In the meantime, the lack of a Cacowards ceremony doesn’t stop me from celebrating on my own terms. And yeah, just like every year before, Doom still holds up. Being in those classic levels again feels like going home.

doombrusiers
The Brusier Brothers are always the life of the party at our yearly Doom reunion; they just aren’t allowed to use the nice silverware on account of their corrosive acid-hands.

Every time I play through Doom, I fall in love all over again. Looking at the Cacowards (from previous years, at least), I’m glad there’s still a community out there the share that love with. There are still a lot of people as passionate as me about this game — even 19 years later — and Doomworld is a place for them to gather and find kindred spirits from all over the world.

That’s one of the amazing things the internet has made possible. Still, even with the internet, there are so many games that are nearly forgotten. In some cases, games even newer than Doom don’t have any presence on the internet, nowhere to talk about them or to keep the love for them alive. And that makes me really sad.

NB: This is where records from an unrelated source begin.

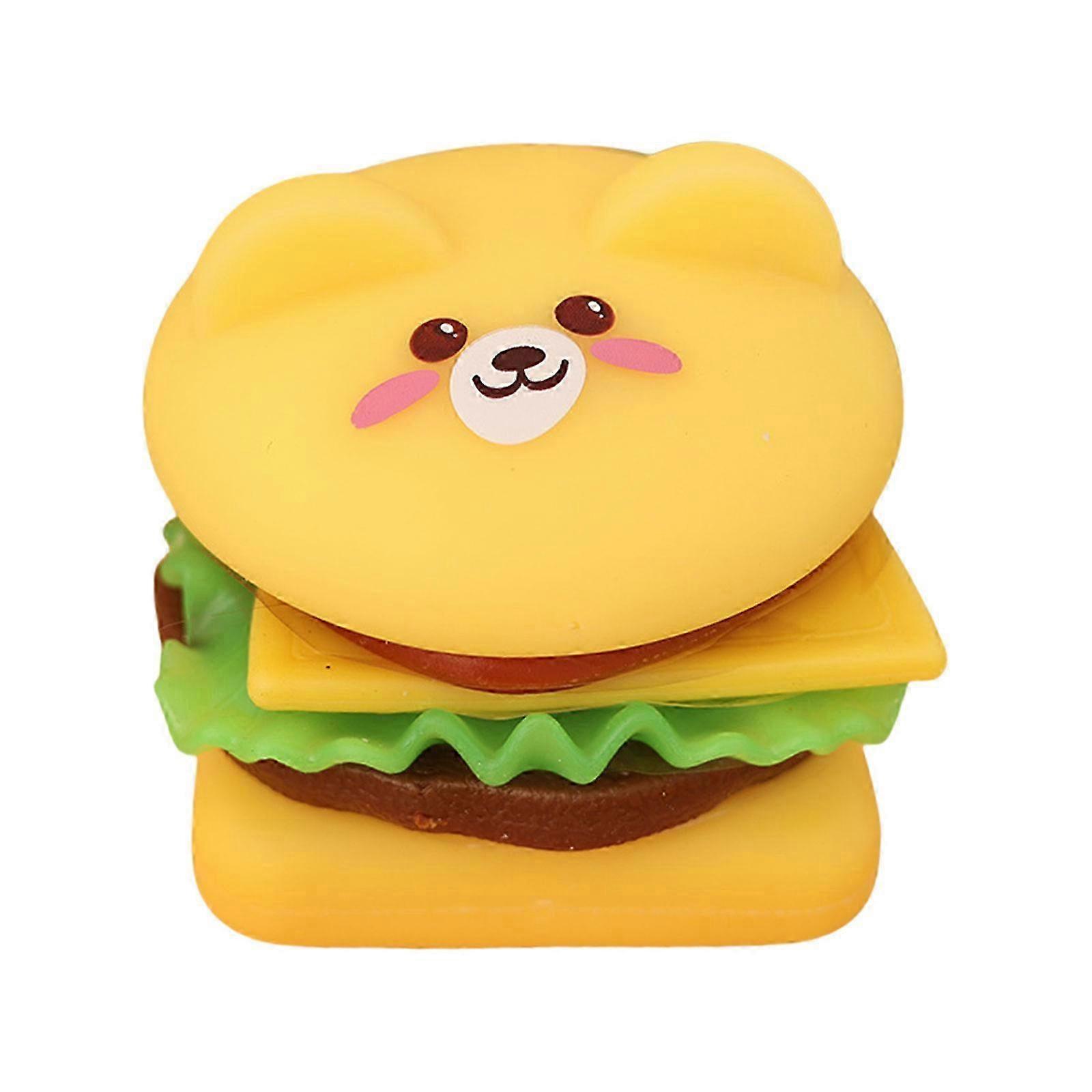 שובב בעלי חיים המבורגר צעצוע נמתח רך איטי עולה צעצוע דקומפרסיה לילדים ומבוגרים סטודנטים מתח Reliver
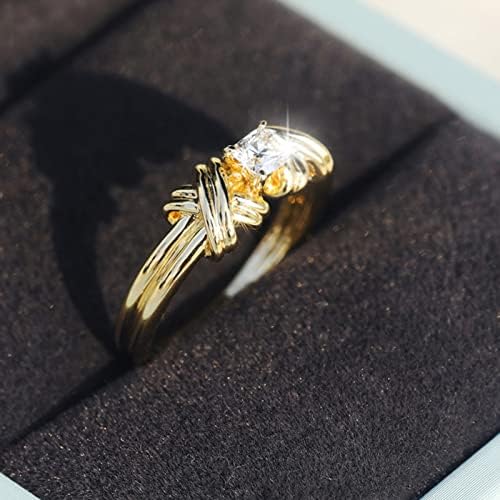 Molite se za to, molite se nad njim, molite se kroz ovaj prsten geometrijski križni dijamantni zlatni prsten Elegantni dijamantni dijamantni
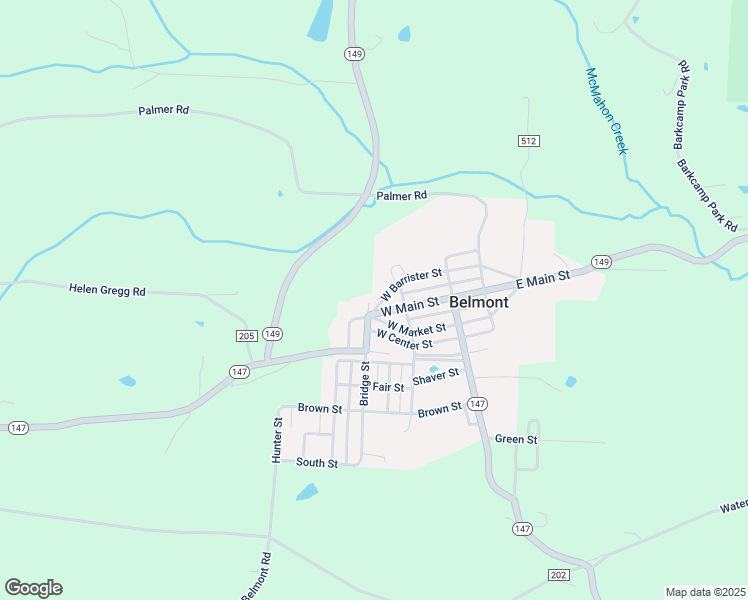 map of restaurants, bars, coffee shops, grocery stores, and more near 225 West Barrister Street in Belmont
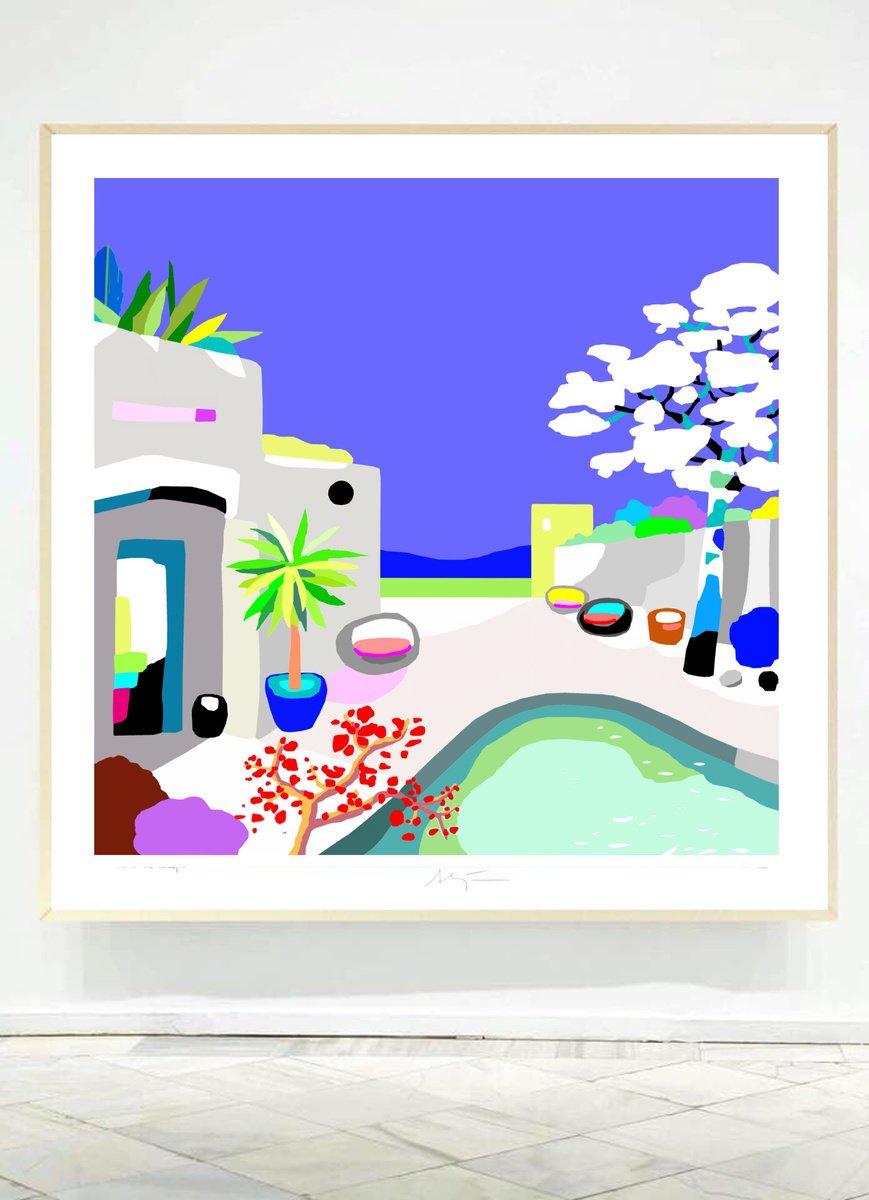 Landscape Giclee Print By Alejos, 17 X 17, You Hold Me High, Original Artwork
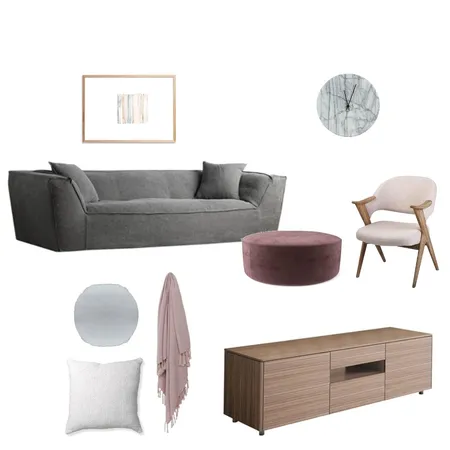 Blush x Grey x Timber Interior Design Mood Board by OurLittleHome on Style Sourcebook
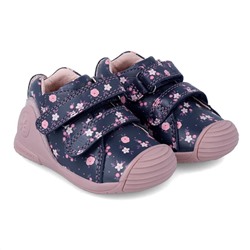 Biomecanics - sneakers - cuero - azul y rosa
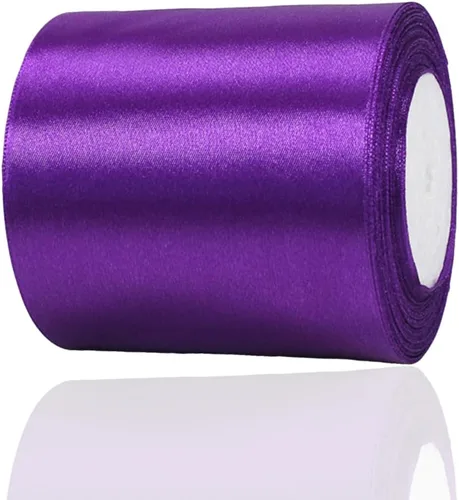Miniatura 165 de Cinta rosa intensa de 1-1/2 pulgadas x 25 yardas, cinta de satén de tela de color rojo rosa sólido para envolver regalos, manualidades de bricolaje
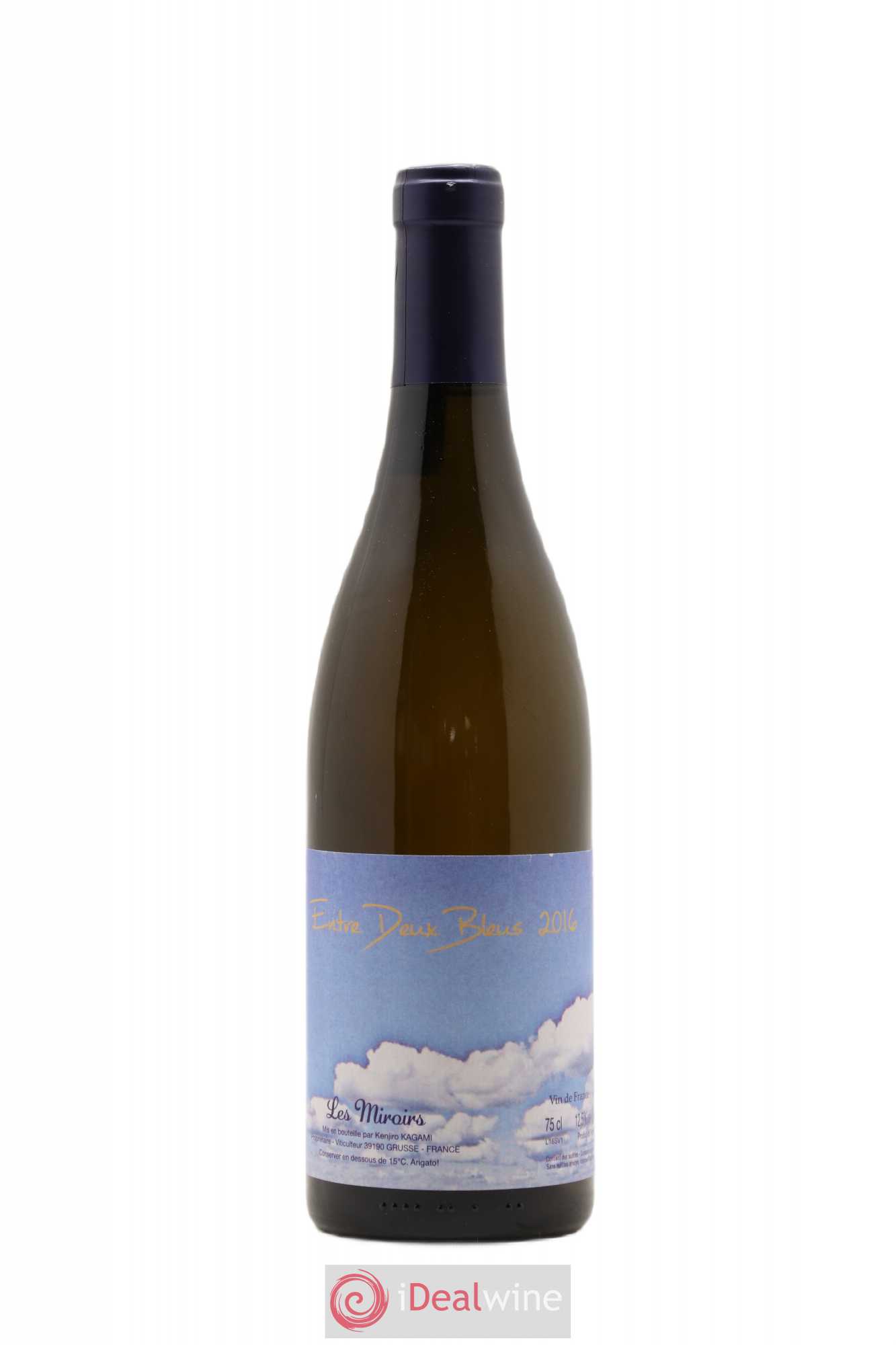 Vin de France Entre Deux Bleus Les saugettes Kenjiro Kagami - Domaine des Miroirs 2016 - Lot de 1 bouteille - 0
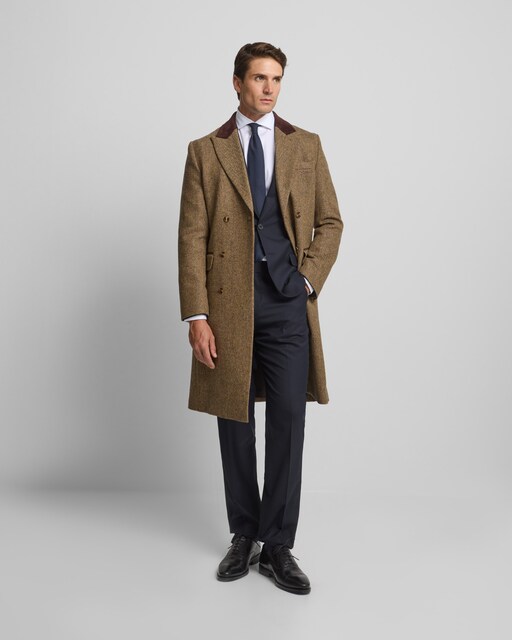 Imagem 0 de Sobretudo de Pano Cruzado Espiga Bege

There are plenty of better things to worry about, but since videogames are so close to my heart, their place in our collective memory concerns me more than it probably should. It’s important to me that great games don’t disappear. I guess that’s why I try to introduce my friends and family to as many of my favorite games as possible, and it’s a big reason why I’m here running this blog and talking to you: so I can spread the love a little further.

So, what about you? What games have you played that it seems no one else has? Which ones from your childhood are totally unknown these days? Now’s as good a time as any to remember them, to blow the dust off the old cartridges or track down a copy on eBay, to share them with a new generation.

As long as a game is loved — as long as anything is loved — it won’t die. So, please — keep on loving the things that touched you, and keep on sharing your love with the world.

That’s what I’ll be doing here, hopefully for many moons to come.